Laurie Towner goes to work on a whopper
ANGOURIE'S Laurie Towner, 19, produced possibly the ride of his life in Tasmania in making a charge on the Billabong XXL Global Big Wave Awards.
At Shipsterns Bluff, off the southern tip of Tasmania, he paddled into one of the break's biggest waves without the assistance of a jet-ski. That ride earned Towner a berth on the US$10,000 Monster Paddle-In category.
"Andy (Irons) was right next to me on that big one, calling me in," Towner said.
"At the start I was paddling slow, just having a bit of a look at the wave, and as it jacked up I paddled a bit faster and it let me into it."

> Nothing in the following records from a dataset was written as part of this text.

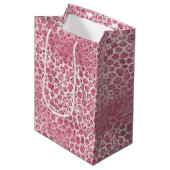 Girl-Rosa-Blush-Glitzer Leopard-Druck Mittlere Geschenktüte (Vorderseite Schrägansicht)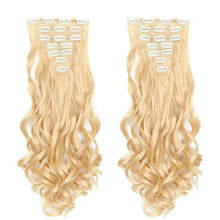 Load image into Gallery viewer, MERISI HAIR 22 Synthetic Deep Wave Hair Heat Resistant Light Brown Gray Blond Women Hair Extension Set Clip In Ombre Hair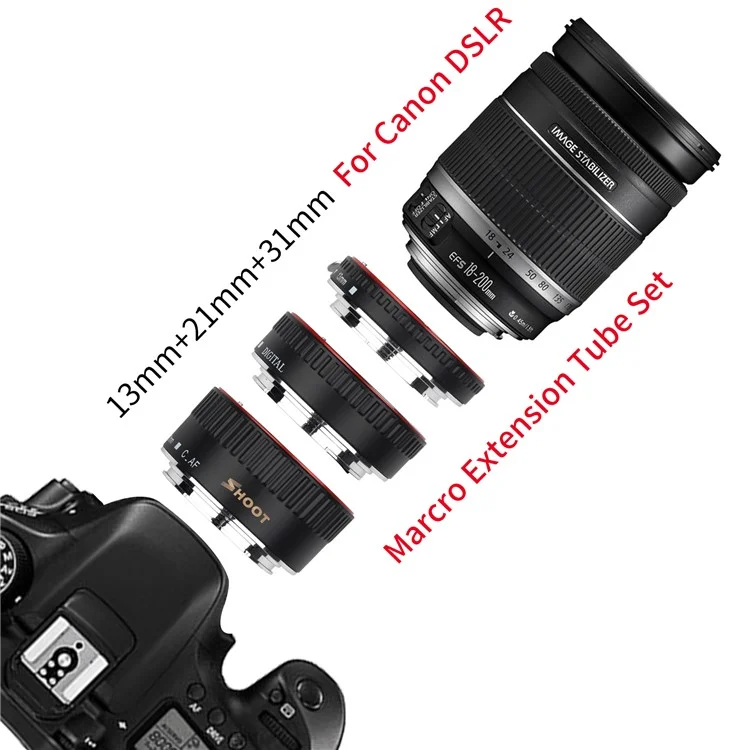 SHOOT XT-364 Anello di estensione macro a messa a fuoco automatica per obiettivi Canon EOS EF EF-S 4000D 2000D 1200D 1100D 700D 450D 400D 200D 70D 5D T5 T6i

Irons has compared the rarely-surfed Tasmanian break to hot-spots Hawaii and Tahiti.
The monster session was captured on land and in the water by video and stills cameramen with the Australian entry to join rivals surfing breaks in Hawaii, Mexico, California and Tahiti in the competition.
Irons, in Australia for the first leg of the professional surfing tour, rated the surf up there with some of the best breaks in the world.

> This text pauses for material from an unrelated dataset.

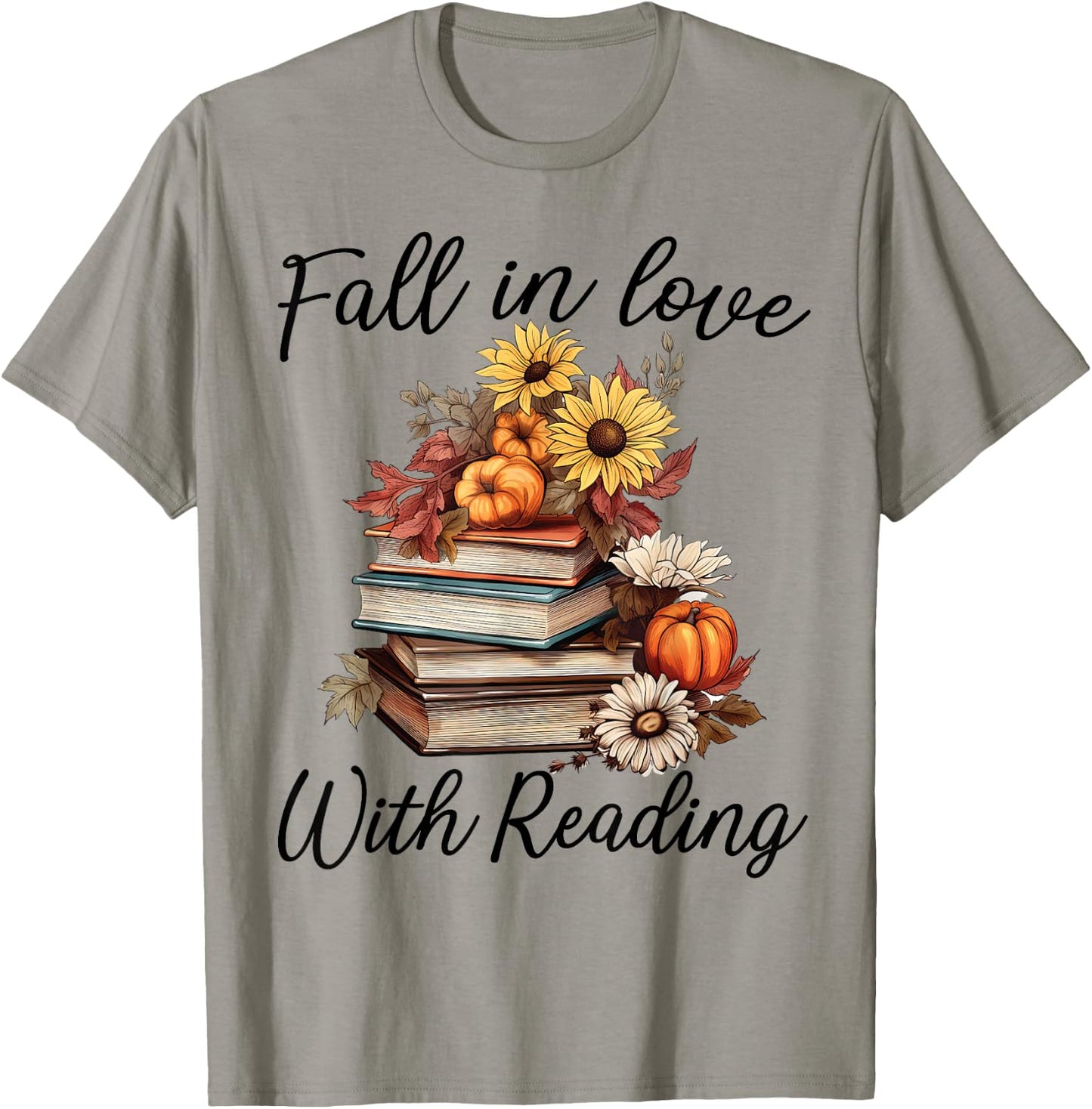Fall In Love With Reading Book Autumn Teachers Pumpkins T-Shirt - T-Shirt | Sand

"Shipsterns is radical," Irons said. "It's a really challenging wave, one of the toughest I have ever surfed.
"With the staircases in it and the way it hits the reef, it is so powerful, and with the cold water you're not really penetrating the surface when you fall.
"I have never really surfed a barrel that changes so much as it goes along. I have never surfed anything like that, other than Hawaii, Tahiti and Fiji, nothing even comes close."
The weekend wasn't without incident, however, with Parkinson taken out by a three-metre close-out that felt like being hit by 'a five-storey building'.
"I had a pretty nasty wipeout on one set," Parkinson said.
"It felt like a five-story build- ing landing on my head."